I remember seeing the Irish tricolour draped over revolutionary hero Michael Collins' grave in Dublin's Glasnevin cemetery.
Ghoulish, did you say? Perhaps.
But there's none of that familiar tingle down the spine, as if Peter Cushing had just swished his cape on the misty horizon, at the Pet Cemetery in Brynford, an altogether more serene place of final repose.
People often think more of their pets than their human companions, and not always without just cause either. Pets, after all, are not judgemental and are faithful until they take their last breath.
Little wonder so many splash out on lavish memorials for their four-legged pals at this award-winning cemetery near Holywell. And I say four-legged with reason, not having come across any memorials for snakes, birds or kangaroos! Perhaps I didn't look hard enough.
Getting on for 500 furry friends have been buried or cremated at this facility since it first swung open its gates in 1989.
It has traditional burial plots, a section for horses, and a special garden of honour for "brave animals" who showed valour beyond the call of duty in caring for their human masters.
The deceased are treated very much like humans in making their final journey, laid out in an appropriate casket in the chapel of rest, before burial or cremation. Their human family can say their last farewells if they so wish, while a service of farewell closes the proceedings. Bereavement counselling is offered.
A strange place for a restful day out, you might think. Not at all. Standing in a peaceful hollow within sight of the manic A55, careering on its breakneck way past on the hillside above, there are few better places to wind down and ease off the throttle of modern life.
Enjoy a stroll around its seven acres of immaculately manicured gardens, view the columbarium, where caskets of ashes are deposited and marked with memorial plaques, or just marvel at the beautiful statues and headstones.

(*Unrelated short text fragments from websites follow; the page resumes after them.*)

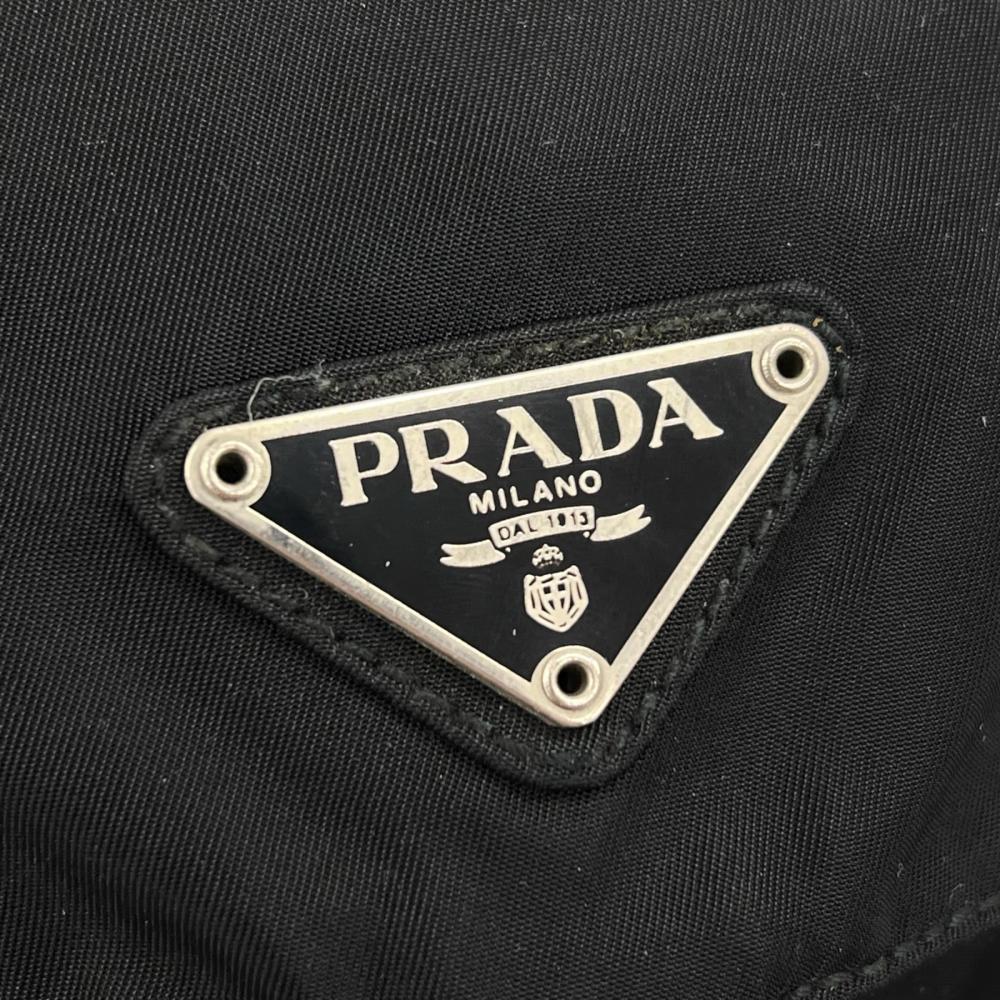 PRADA プラダ リュック テスート 三角ロゴプレート ナイロン レザー ブラック 黒 シルバー金具 レディース【中古品】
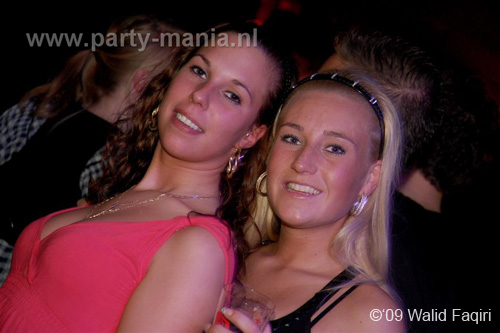 091224_128_los_partymania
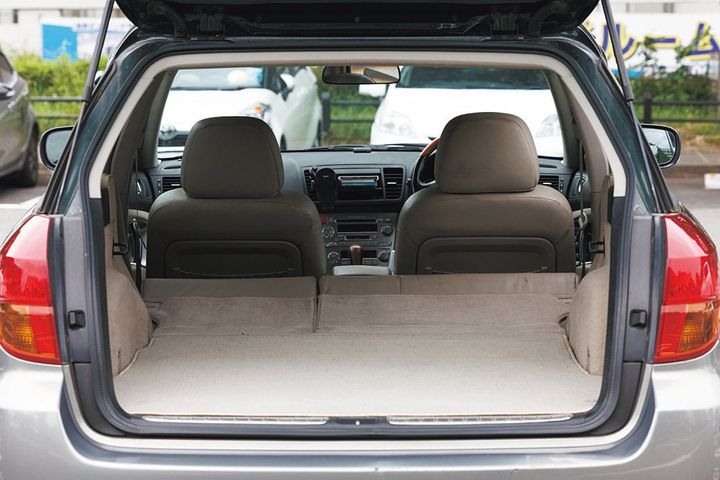 ビデオグラファー、モデル、ミュージシャン 黒澤怜慈さんの愛車 SUBARU LEGACY OUTBACK 2.5i L.L.Bean EDITION［スバルレガシィ アウトバック L.L.Beanエディション］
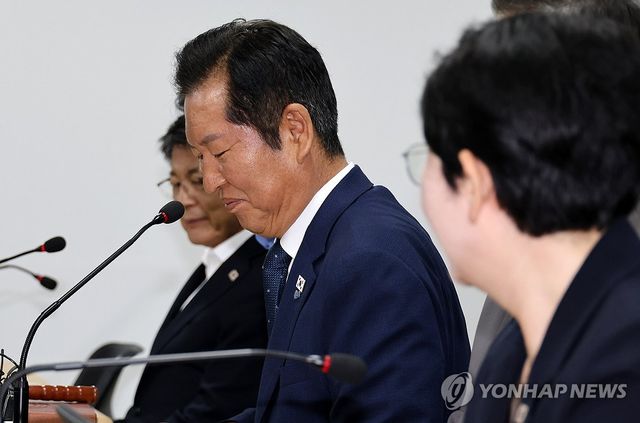 민주당 정청래 대표의 미소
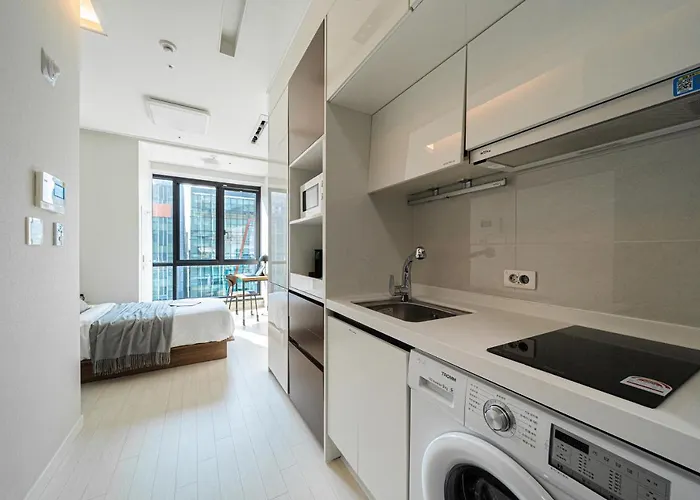 Апартаменты Urbanstay Seomyeon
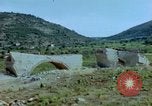 Standbild motor Transportbrücke Italien, 1944, aus Sekunde 13 historischem Filmmaterial Videoclip 65675078069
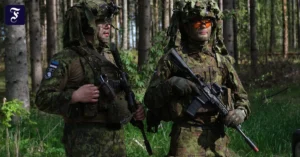 estnische-soldaten-bei-der.webp.webp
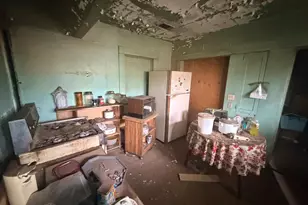 2111 E Hazelton Ave, Stockton, CA 95205 - Photo 14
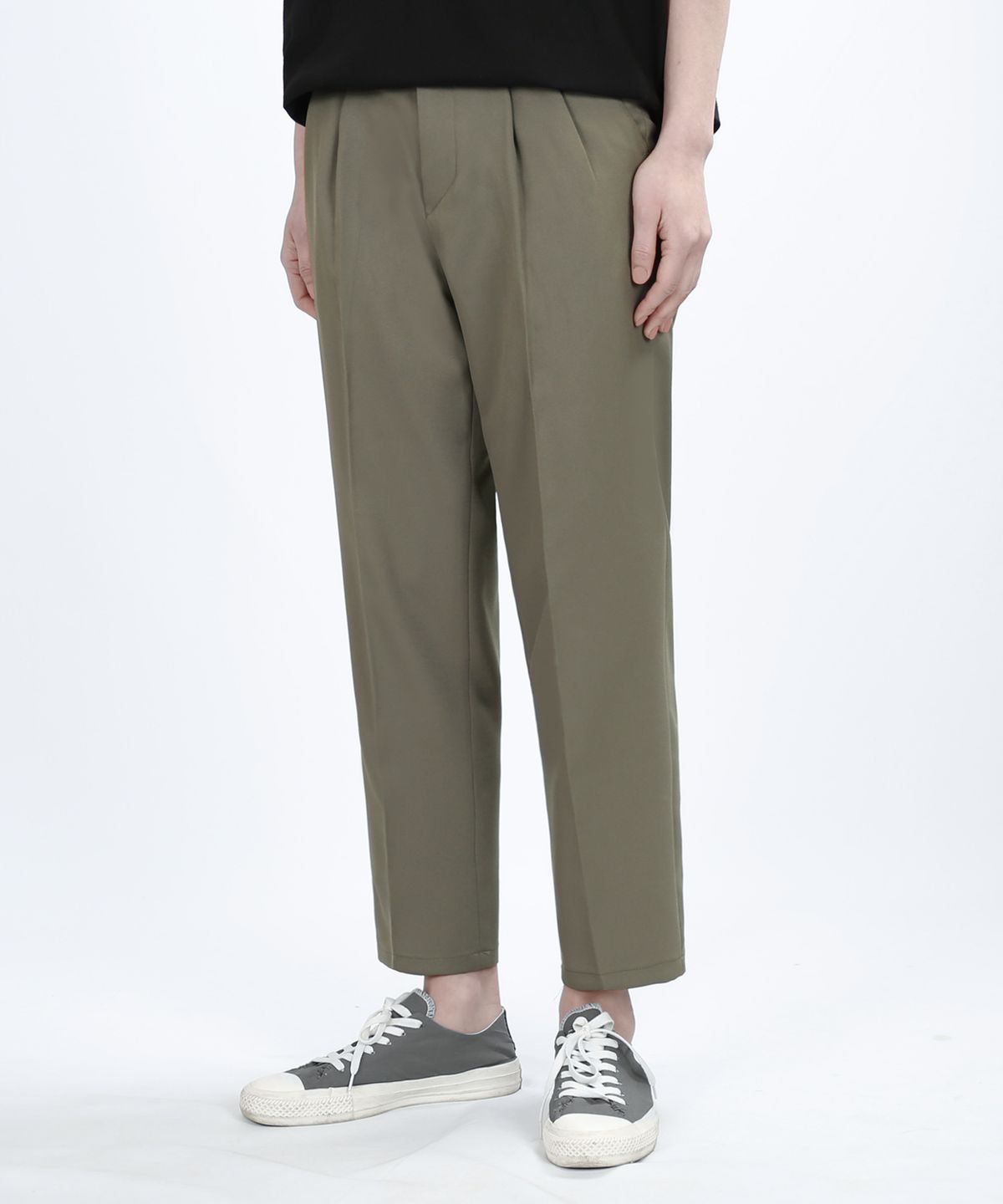 베리베인(VERYVAIN) PINTUCK RELAX SLACKS (OLIVE)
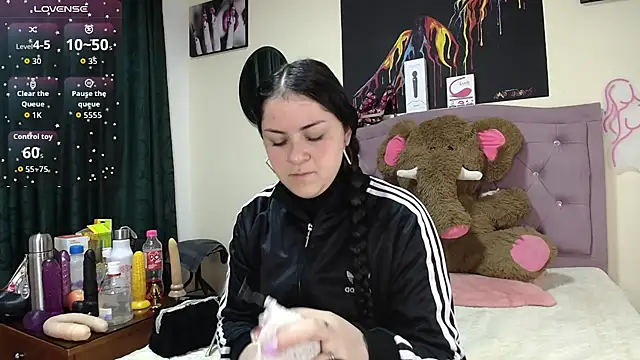 Emmie Hot online show from September 2025 12:06:01 PM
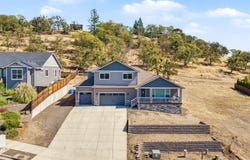 332 Avalon Terrace, Eagle Point, OR 97524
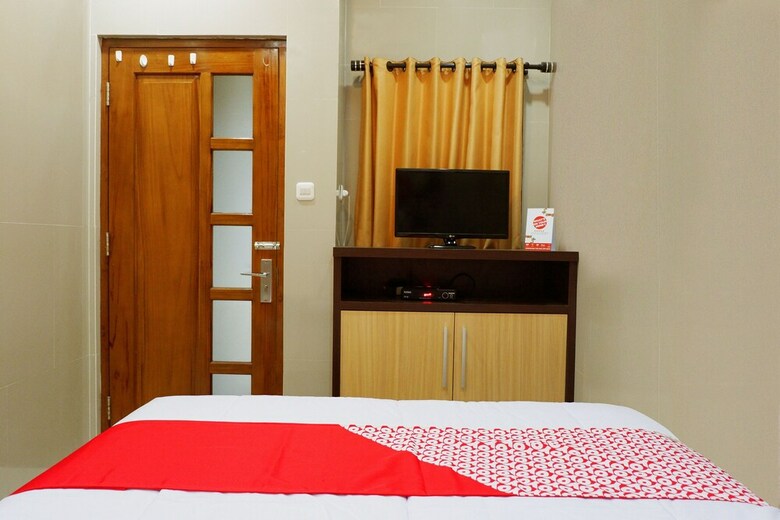 Hotel Oyo 417 Bama Guesthouse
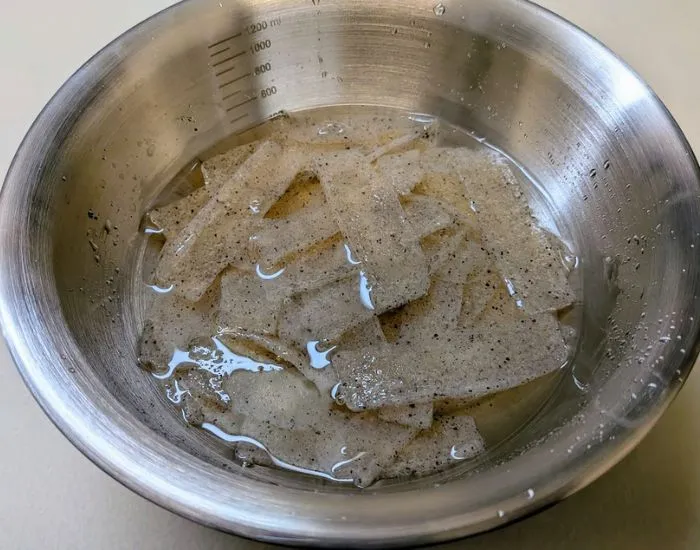 こんにゃくを洗っている様子（撮影：grapeフード編集部）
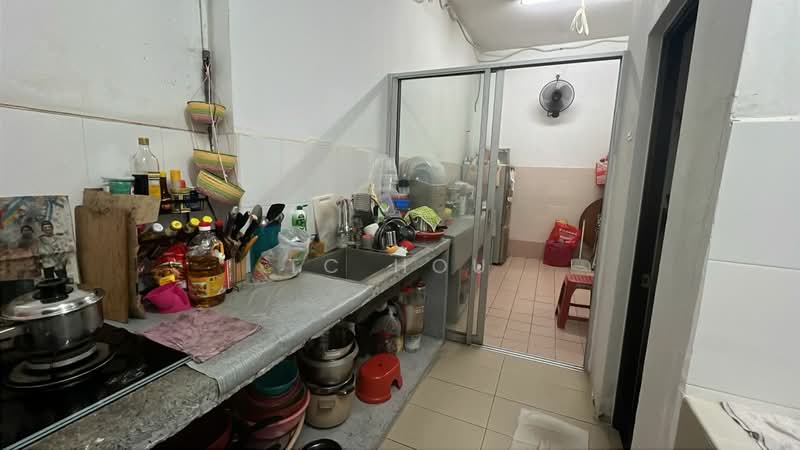 Terraced House for Sale in Balakong (Selangor) - TC Hou - Kitchen - PropertyGuru.com.my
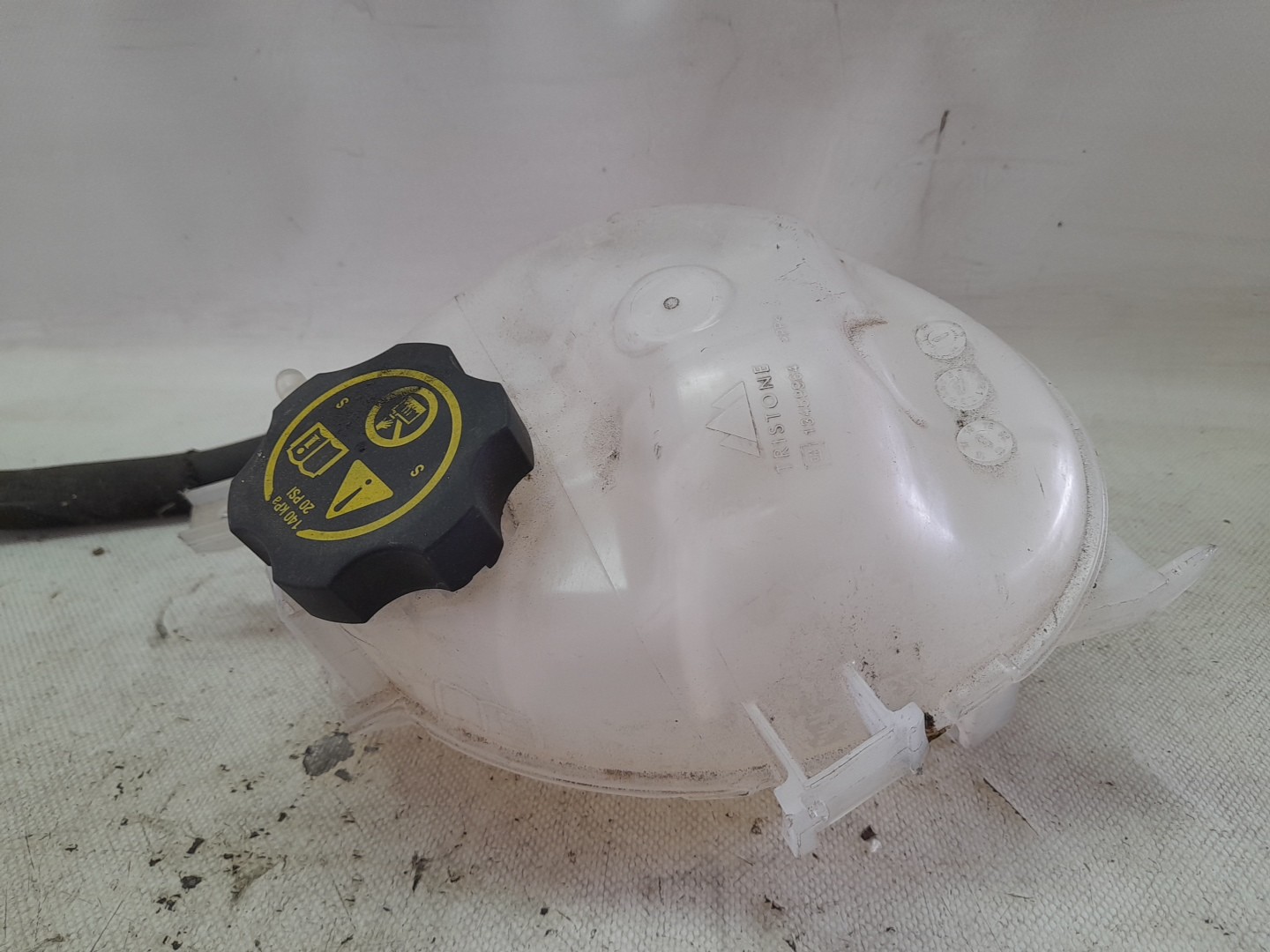 Coolant reservoir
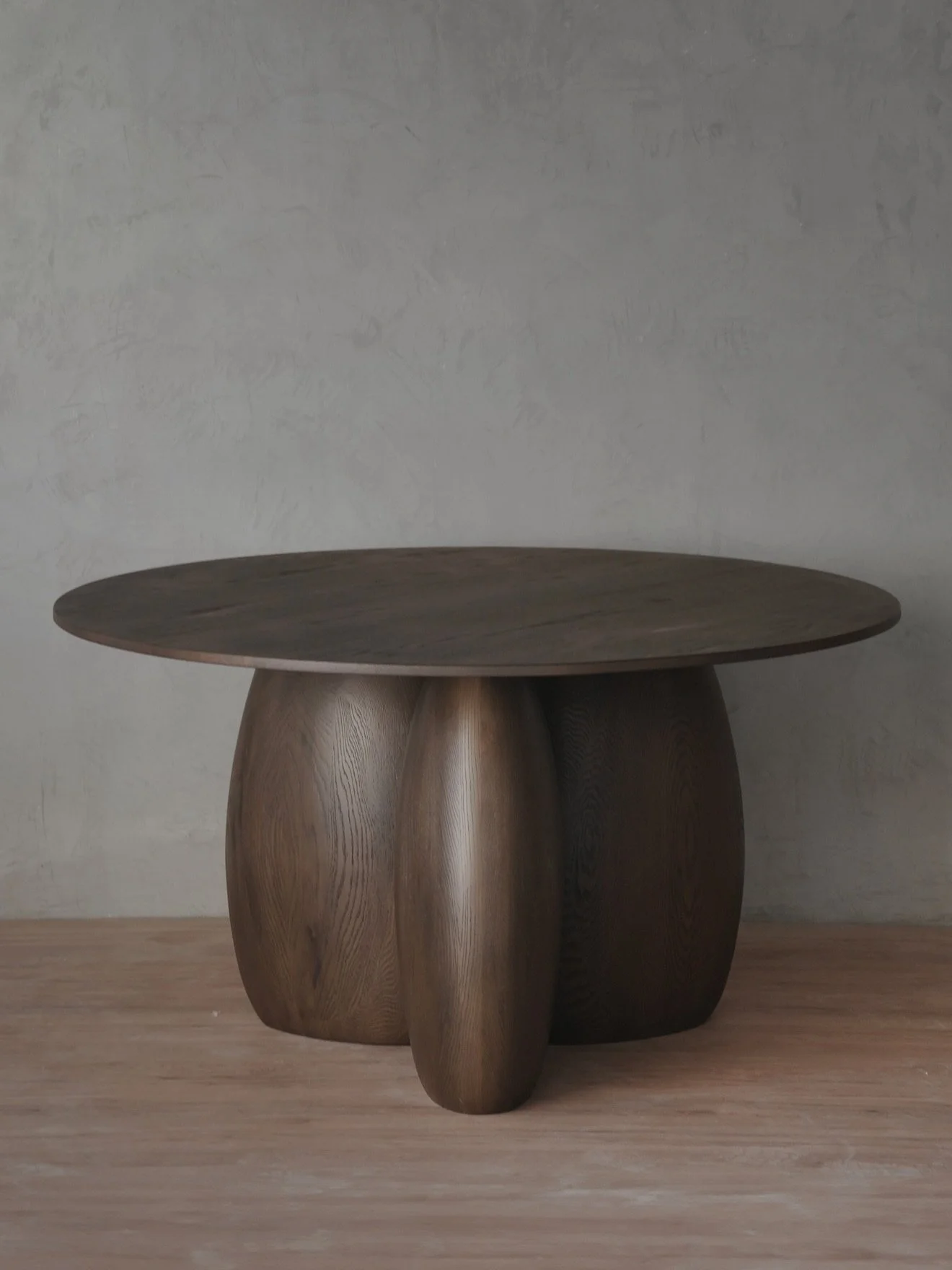 With the Scarpa Dining Table, we embraced Scarpa&rsquo;s love for materials. The solid wood structure provides a sturdy yet elegant foundation, making it a timeless piece for any dining room.

&mdash;
For inquiries, contact sales@nono.mx 

&mdash;
#N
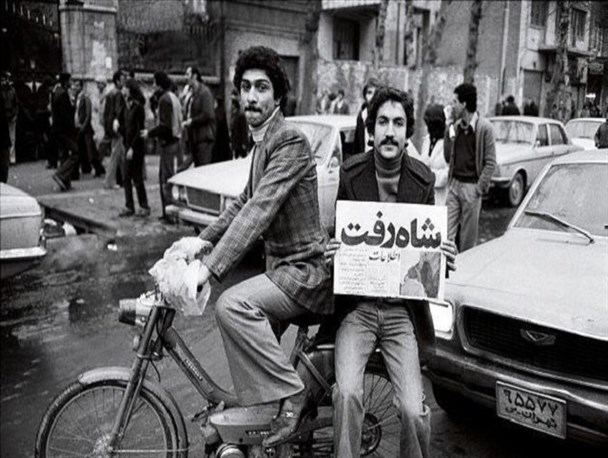 مسابقه عکس "من انقلابی ام" در آباده طشک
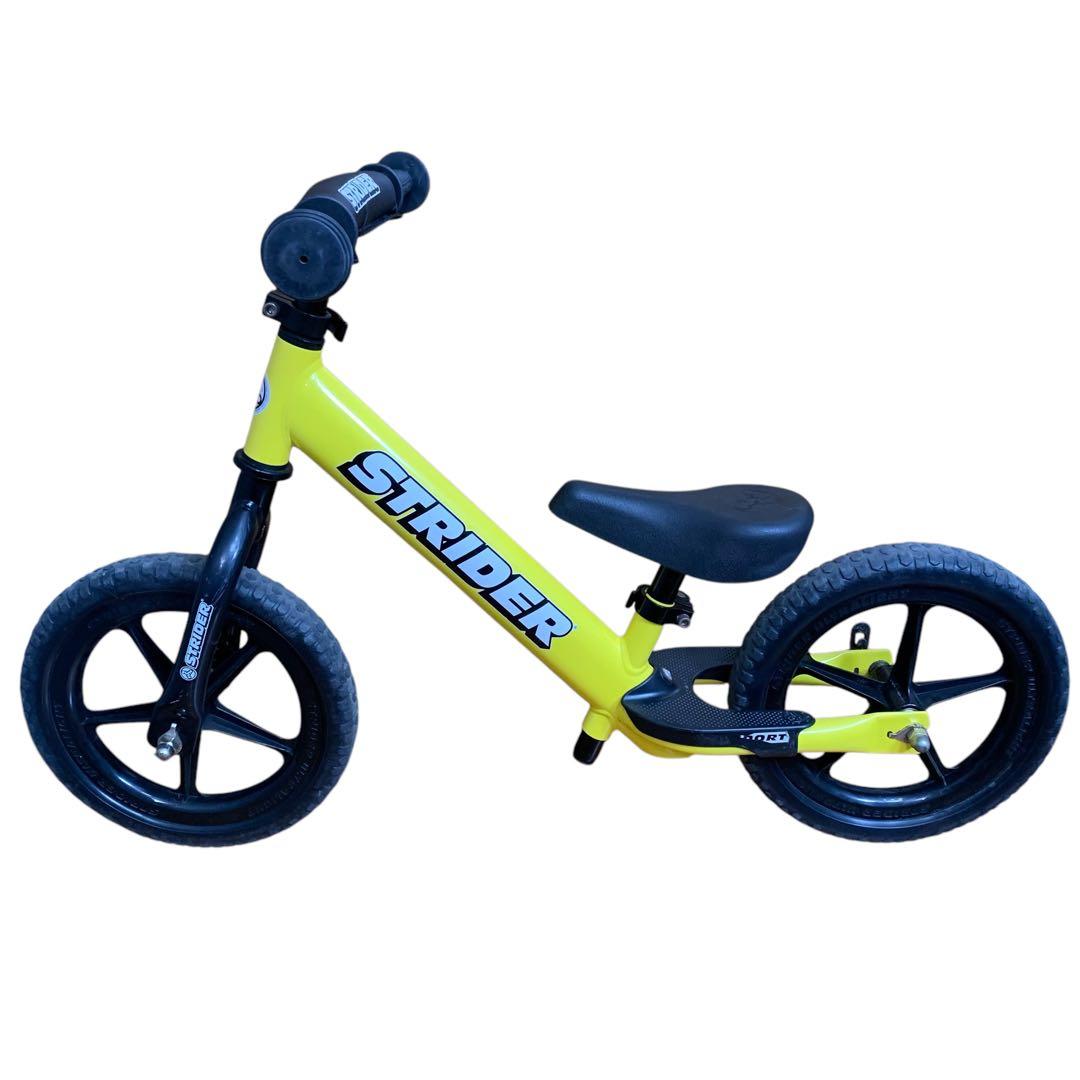 ストライダー12　日本正規品　イエロー　キックバイク①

Visit the chapel and the impressive visitor centre, opened in 1999, where you can enjoy refreshments in the tea room while taking in the panoramic view over the landscaped gardens.
Here you can tuck into home-made soups and cakes, bara brith, baked potatoes, toasties and perhaps cottage pie or a warming stew.
Last year - for the third year running - the Pet Cemetery won the award for the UK's best facility of its kind from the Memorial Awareness Board, run by the National Association of Memorial Masons. Visitors are actively encouraged, and the cemetery is open seven days a week.
If you're an animal lover you'll understand what it's all about; if not, stand back and contemplate on how much love - not to mention money - people invest in their pets.